The German team were already among the strongest squads in the world when it came to the one-day race scene due to Sagan's success and the key acquisition of Daniel Oss for the start of the 2018 season, but they have recruited wisely ahead of the coming campaign with veteran Oscar Gatto joining from Astana, while Jempy Drucker and all-rounder Maximilian Schachmann have signed from BMC Racing and Quick-Step Floors, respectively.
Speaking exclusively to Cyclingnews at the Bora-Hansgrohe training camp in Mallorca, Sagan outlined his Spring campaign for the coming year, his plans to gain experience in a Liege-Bastogne-Liege and his thoughts on Milan-San Remo.
"For next year I think we have the most complete Classics team we've had," Sagan told Cyclingnews.
Schachmann is likely to have a run at the Ardennes Classics, while Drucker has the ability and experience to fit straight into Sagan's cobbles crew. Gatto, 34 at the start of 2019, is another key signing and the Italian will bring valuable experience to the German team. For Sagan, already a friend of the Astana rider, Gatto's arrival will bring a sense of calm.
"We are making upgrades every year, and it's nice to see how the team is improving each year. We'll see what Gatto brings to the team. He brings a lot of experience and he can manage a lot of situations in important moments. Having him with us means you don't have to explain to maybe a much younger rider what to do. We know that he'll work and that he has a big engine. He won't make mistakes, and maybe you lose something with age, but he already knows what to do, so no energy is wasted. That means you can be really 100 per cent relaxed and be confident. I know he'll be there at the right moment."
Only time and subsequent results will determine whether Bora return stronger in 2019 but Quick-Step Floors, their principal rival in 2018, have gone through greater changes in personnel with Niki Terpstra, Fernando Gaviria and Laurens De Plus among those who have left, while Philippe Gilbert will be 37 next summer. Quick-Step's dominance this year has been down to their collective strength as much as to their individual brilliance, and Sagan is sure that they can be just as competitive in the future.
"There are a lot of good riders here just for me, but that means I also have to be ready to perform. We already know from this year that Quick-Step were winning races, not because they had the best rider but because they had a really strong general team that could make the tactics in races. If we could come back with something like that, then maybe things will be different," Sagan said.
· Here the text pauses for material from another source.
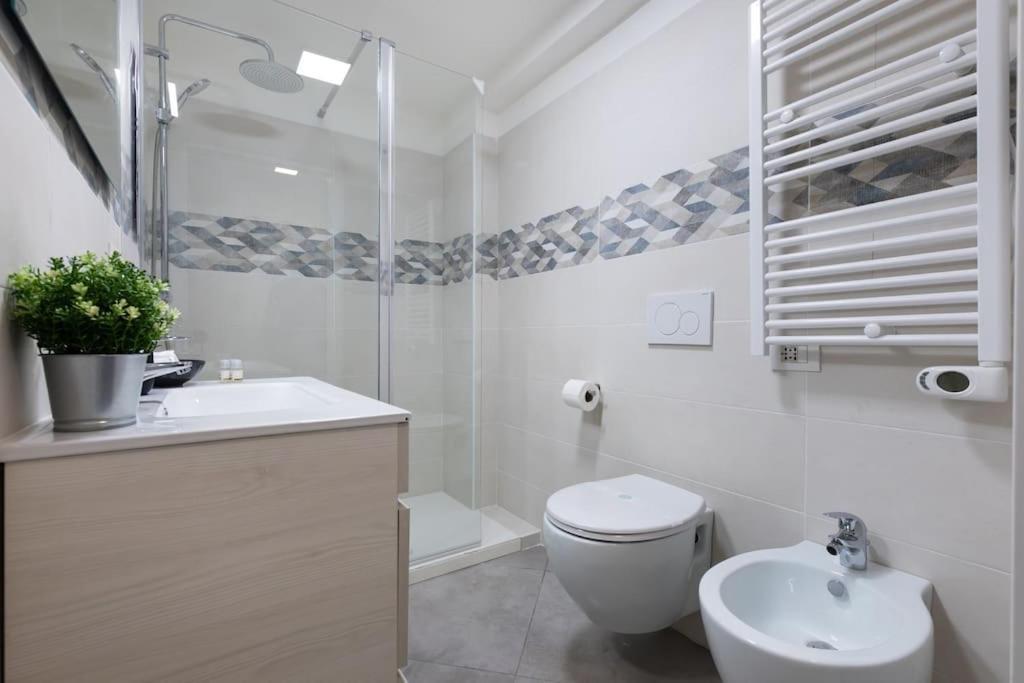 Three-suite With Free Netflix And Fast Wifi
"We'll have to see in March and April," he added when asked about the depth at QuickStep.
"I don't know if I can answer that now but for sure Quick-Step also brought in some new names and they can grow."
Perhaps the biggest change in Sagan's spring campaign is the provisional inclusion of Liege-Bastogne-Liege on his schedule. The three-time world champion has raced Amstel Gold and Fleche Wallonne in previous years, but never taken on the final race in the Ardennes trilogy. A route change and the chance to breathe new life into his programme are the two main reasons why Sagan has decided to stretch his Spring into the tail end of April.
"We'll have to see about Liege," he said. "I hope that I can make it to that race, but we'll have to see. It's time for me to get some experience in that race, I've never done it. I'm going there with no expectations and just to see the race. Maybe I'll skip Fleche Wallonne but it all depends what form I have left after Paris-Roubaix."
The first target in Sagan's refreshed Spring campaign remains Milan-San Remo, where he has finished in the top six on five different occasions. The Italian race has remained out of reach for many years but Sagan still has designs on winning an event he respects and admires due to the history of its previous victors.
"I'll try and be ready for Milan-San Remo but really we're making small changes to the programme. They could be ones that pay off but they could be dangerous ones too. We're only going to find out once the racing starts. I'm curious," he said.
"San Remo isn't a race that you can predict. You can't be at the start and think 'today I'm going to be the best, and I'm going to drop everybody.' Milan-San Remo isn't about being the best, there are so many factors to it. I'll try and do my best. It's different to a race like Flanders, where if you're the best and you have some luck then you'll win for sure because it's just too hard of a race. Unless you make a stupid mistake you're going to win.
"Milan-San Remo, you can see from the variations of the winners, that it's a different style of race. I think that's what makes it special for me. It's the longest race, the easiest to complete but very, very complicated and you never know what's going to happen. One year I was descending the Poggio and a dog ran in front of me. I jumped over him but my back wheel caught him and I was sprinting with a wheel that was catching the brakes."